The Fragility of Optimized Bandits



Much of the literature on optimal design of bandit algorithms is based on minimization of expected regret. It is well known that algorithms that are optimal over certain exponential families can achieve expected regret that grows logarithmically in the number of trials, at a rate specified by the Lai-Robbins lower bound. In this talk, we point out that when one uses such optimized algorithms, the resulting regret distribution necessarily has a very heavy tail, specifically, that of a truncated Cauchy distribution. We show that optimized UCB algorithms are also fragile in an additional sense, namely when the problem is even slightly mis-specified, the regret can grow much faster than the conventional theory suggests. To alleviate the fragility issues exposed, we show that UCB algorithms can be modified so as to ensure a desired degree of robustness to mis-specification. This is joint work with Lin Fan.

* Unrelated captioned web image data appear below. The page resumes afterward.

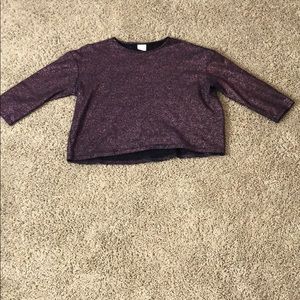 Zara sparkly purple/black wide top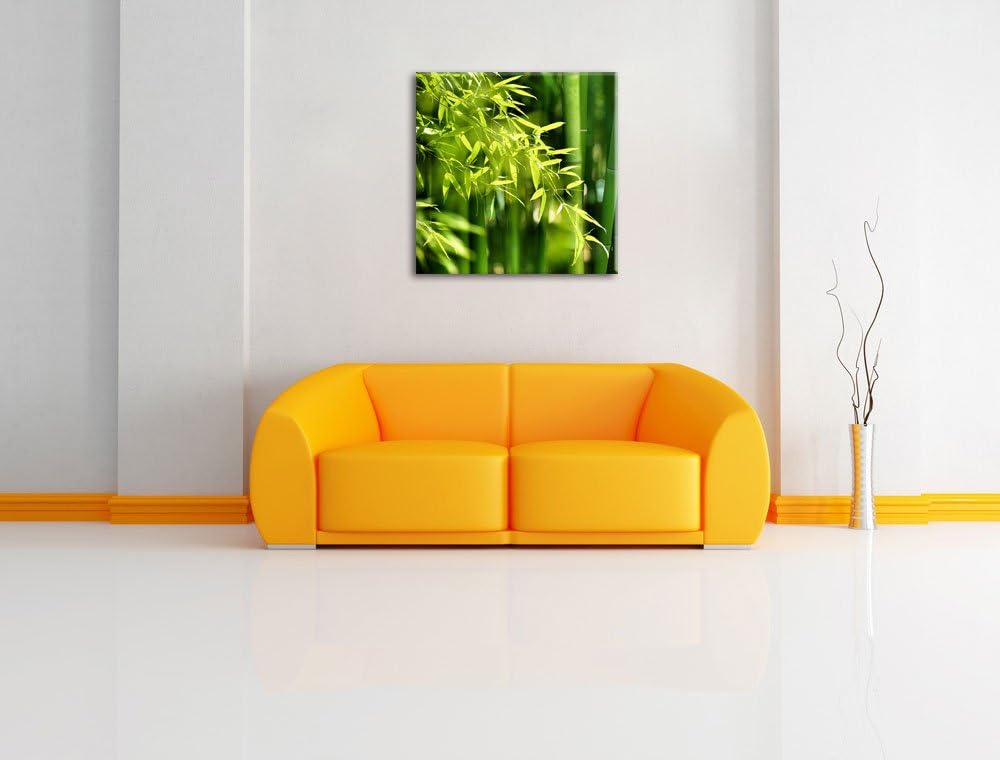 Pixxprint Bambus mit Blättern als Leinwandbild/Grösse: 70x70 cm/Wandbild/Kunstdruck/fertig bespannt,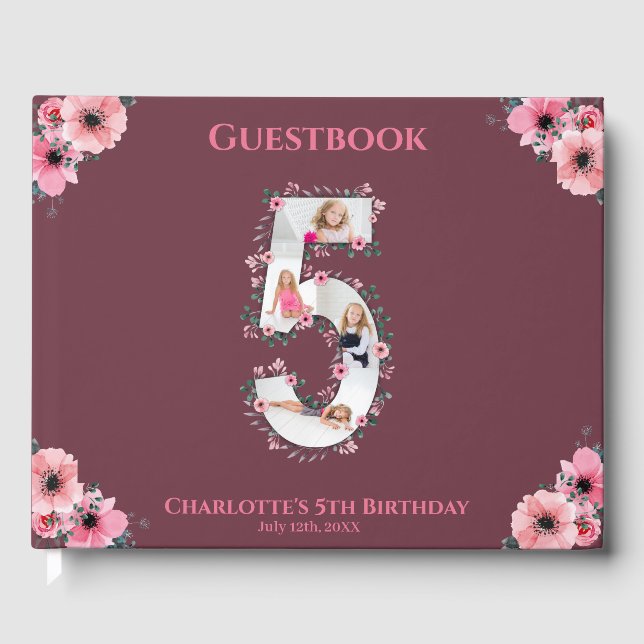 Big 5th Birthday Foto Collage Flower Girl Pink Gästebuch (Vorderseite)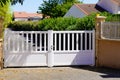 Aluminum fence steel home high white gate sliding portal of suburb house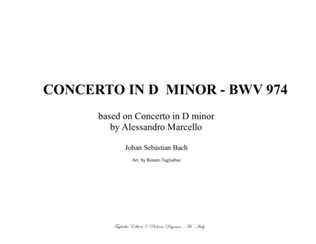 Book cover for CONCERTO IN D MINOR - BWV 974 based on Concerto in D minor by Alessandro Marcello - Allegro, Andant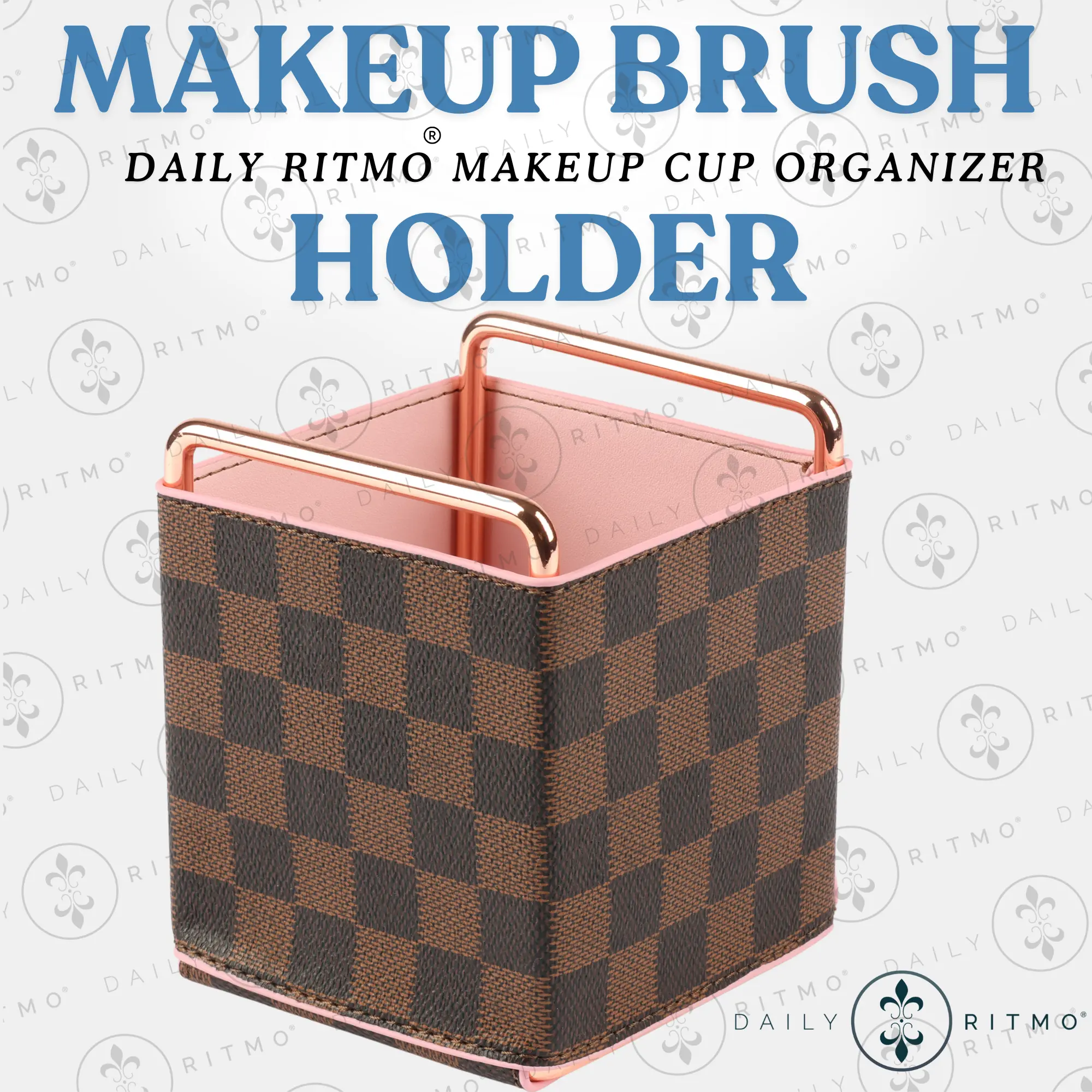 DAILY RITMO Checkered Makeup Brush Holder for Vanity | PU Leather Makeup Cup Essential Accessories Organizer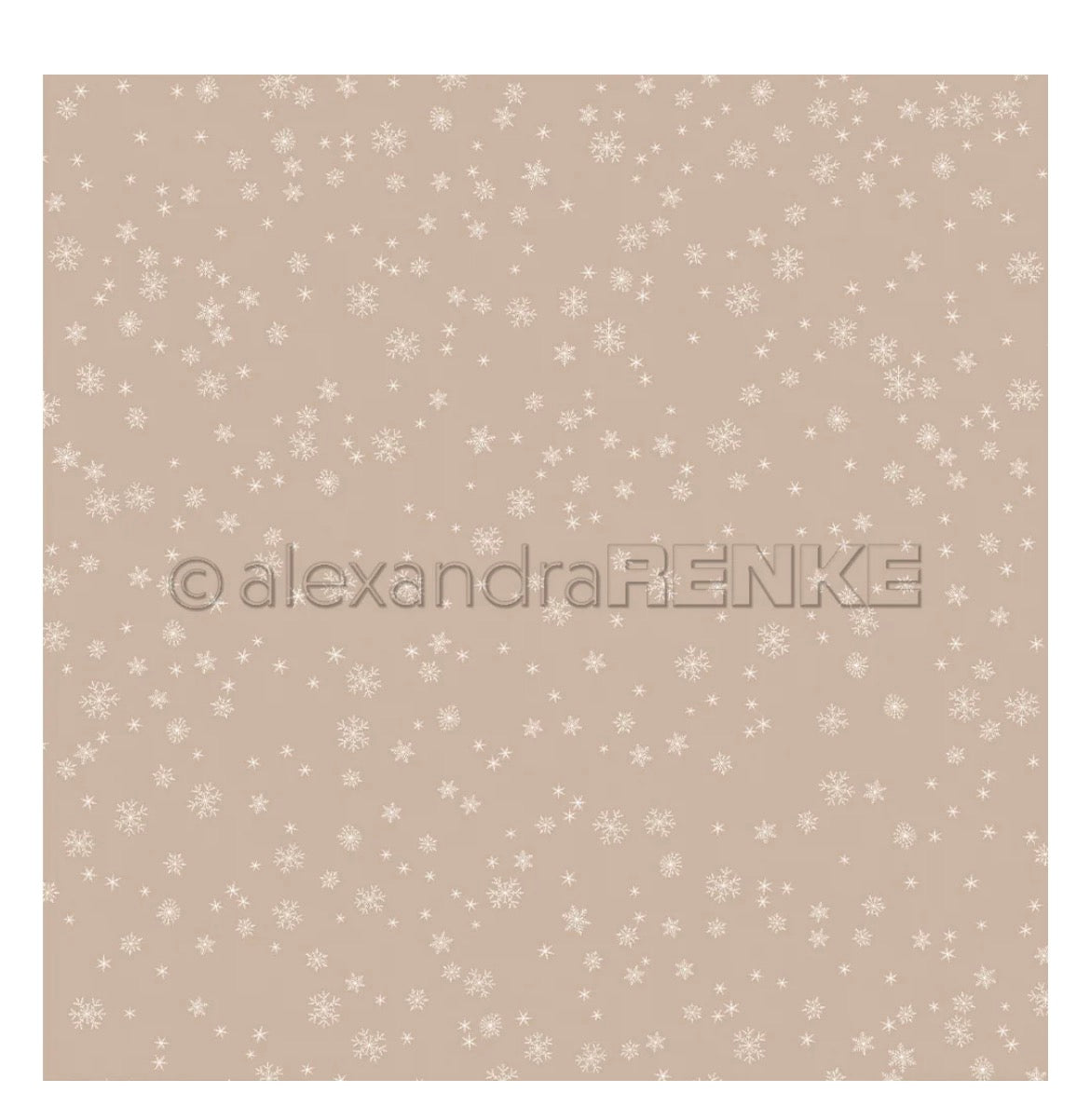 Designpapier 'Schneeflocken auf Graubeige' 200g/m²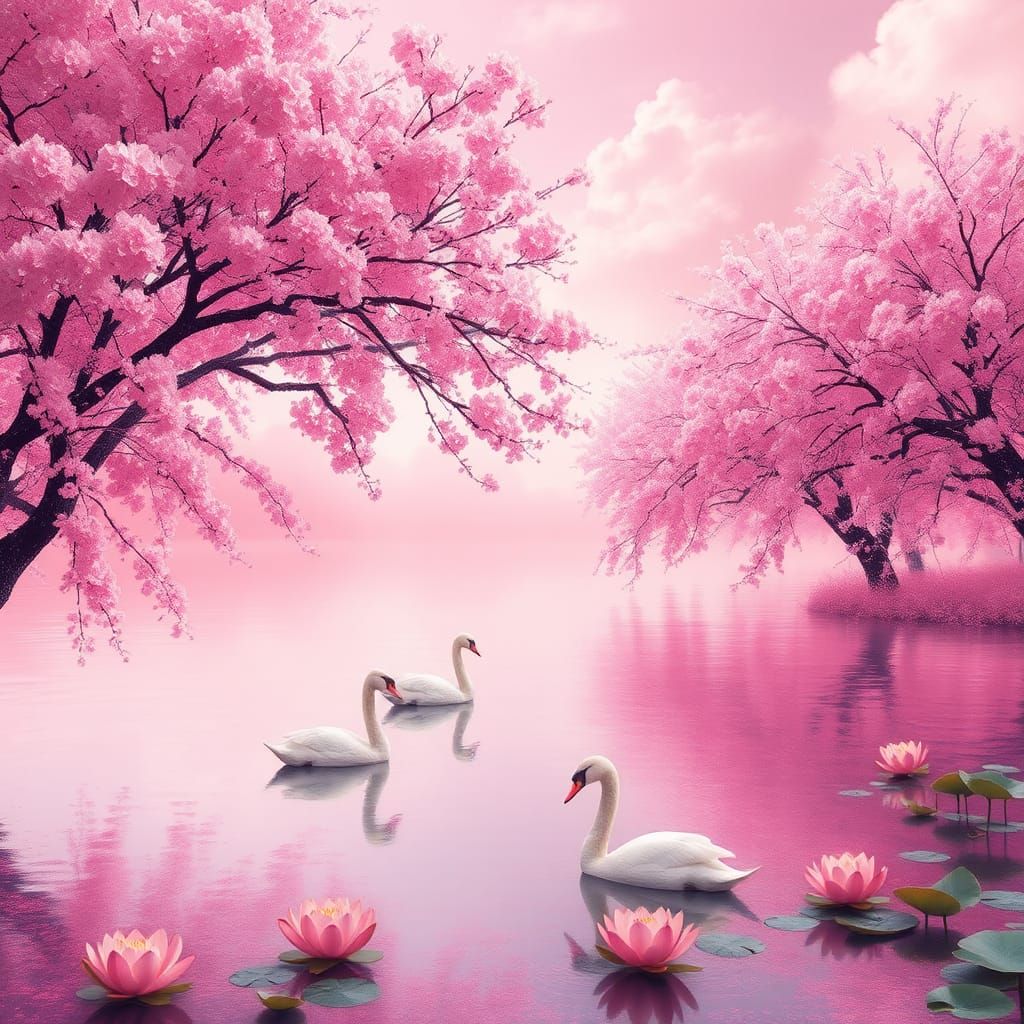 Pink Landscape with Cherry Blossoms in Impressionist Style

Peter W. Glynn is the Thomas Ford Professor in the Department of Management Science and Engineering (MS&E) at Stanford University, and also holds a courtesy appointment in the Department of Electrical Engineering. He received his Ph.D in Operations Research from Stanford University in 1982. He then joined the faculty of the University of Wisconsin at Madison, where he held a joint appointment between the Industrial Engineering Department and Mathematics Research Center, and courtesy appointments in Computer Science and Mathematics. In 1987, he returned to Stanford, where he joined the Department of Operations Research. From 1999 to 2005, he served as Deputy Chair of the Department of Management Science and Engineering, and was Director of Stanford's Institute for Computational and Mathematical Engineering from 2006 until 2010. He served as Chair of MS&E from 2011 through 2015. He is a Fellow of INFORMS and a Fellow of the Institute of Mathematical Statistics, and was an IMS Medallion Lecturer in 1995, a Lunteren Lecturer in 2007, the INFORMS Markov Lecturer in 2014, an Infosys-ICTS Turing Lecturer in 2019, and gave a Titan of Simulation talk at the 2019 Winter Simulation Conference. He was co-winner of the Outstanding Publication Awards from the INFORMS Simulation Society in 1993, 2008, and 2016, was a co-winner of the Best (Biannual) Publication Award from the INFORMS Applied Probability Society in 2009, was the co-winner of the John von Neumann Theory Prize from INFORMS in 2010, and gave the INFORMS Philip McCord Morse Lecture in 2020. In 2012, he was elected to the National Academy of Engineering, and in 2021 he received the Lifetime Professional Achievement Award of the INFORMS Simulation Society. He was Founding Editor-in-Chief of Stochastic Systems and served as Editor-in-Chief of Journal of Applied Probability and Advances in Applied Probability from 2016 to 2018. His research interests lie in simulation, computational probability, queueing theory, statistical inference for stochastic processes, and stochastic modeling.